Quote from: fauxpaxfauxreal on November 06, 2009, 07:06:31 PM
If by minority, you mean one of the millions padding his expense account...ok!

Heh.  Grisham was cool, in High School...he knew how to work suspense.

HAH! That's what I meant by "minority", I should have explained better. I meant in the minority of intellectual readers. Fuck it, I'll just go buy the new Danielle Steele, I think I'm hopeless ;)

I agree though, the majority of my Grisham experience was in HS as well, and I was just getting into reading. It was cheap suspense, sometimes with some morality mixed in.
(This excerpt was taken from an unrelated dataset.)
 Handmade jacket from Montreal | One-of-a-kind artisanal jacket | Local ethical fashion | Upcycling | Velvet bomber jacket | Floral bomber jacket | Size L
It's weird that I still feel compelled to read his stuff, but kind of treat it like junk food for my mind now.
If we could see these many waves that flow through clouds and sunken caves...

fauxpaxfauxreal

Quote from: gainesvillegreen on November 13, 2009, 10:55:39 AM
Besides studying for a maternal-newborn final, this is what I'm currently reading:

Quote
In the late summer of 1831, in a remote section of southeastern Virginia, there took place the only effective, sustained revolt in the annals of American Negro slavery...
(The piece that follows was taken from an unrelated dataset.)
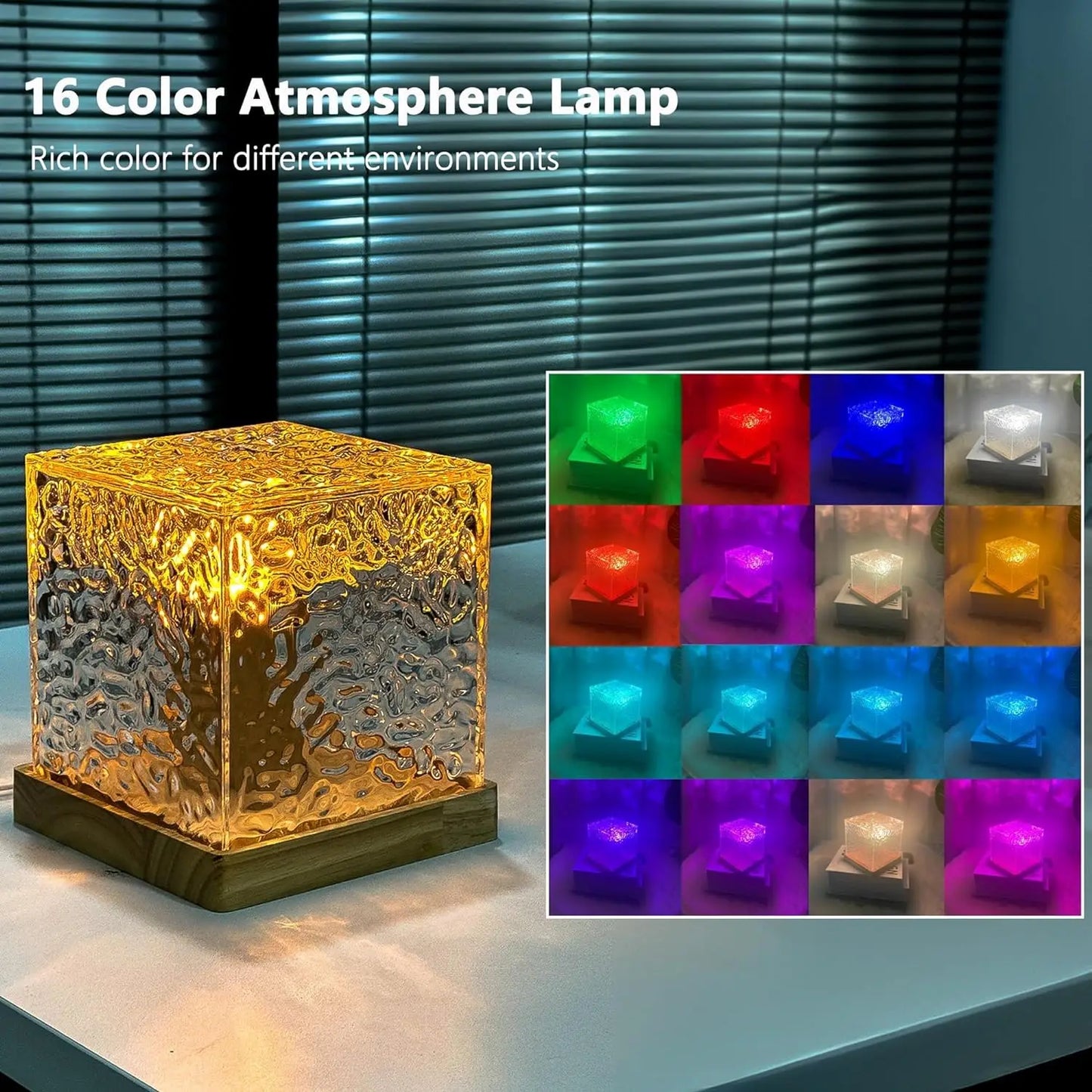 Dynamic Rotating Water Projector Night Light Flame Crystal Lamp Ocean Light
The revolt was led by a remarkable Negro preacher named Nat Turner, an educated slave who felt himself divinely ordained to annihilate all the white people in the region.

The Confessions of Nat Turner is narrated by Nat himself as he lingers in jail through the cold autumnal days before his execution. The compelling story ranges over the whole of Nat's Life, reaching its inevitable and shattering climax that bloody day in August.

The Confessions of Nat Turner is not only a masterpiece of storytelling; is also reveals in unforgettable human terms the agonizing essence of Negro slavery. Through the mind of a slave, Willie Styron has re-created a catastrophic event, and dramatized the intermingled miseries, frustrations--and hopes--which caused this extraordinary black man to rise up out of the early mists of our history and strike down those who held his people in bondage.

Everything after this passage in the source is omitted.